DATA FOR ANALYSIS:
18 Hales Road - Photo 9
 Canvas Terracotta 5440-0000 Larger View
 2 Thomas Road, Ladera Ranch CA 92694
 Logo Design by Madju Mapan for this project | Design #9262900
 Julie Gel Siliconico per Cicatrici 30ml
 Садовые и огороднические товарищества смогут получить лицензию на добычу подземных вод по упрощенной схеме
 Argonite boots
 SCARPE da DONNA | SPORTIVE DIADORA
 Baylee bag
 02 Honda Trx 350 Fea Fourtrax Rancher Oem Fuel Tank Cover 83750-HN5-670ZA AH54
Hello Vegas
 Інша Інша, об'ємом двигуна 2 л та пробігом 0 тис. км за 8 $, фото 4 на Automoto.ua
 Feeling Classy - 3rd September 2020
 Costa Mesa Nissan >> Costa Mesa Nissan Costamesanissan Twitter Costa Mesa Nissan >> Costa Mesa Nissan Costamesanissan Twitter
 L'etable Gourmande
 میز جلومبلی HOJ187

DIRECTIONS: Where a line of the entries contains the word "Road", copy that line.

SOLUTION:
18 Hales Road - Photo 9
 2 Thomas Road, Ladera Ranch CA 92694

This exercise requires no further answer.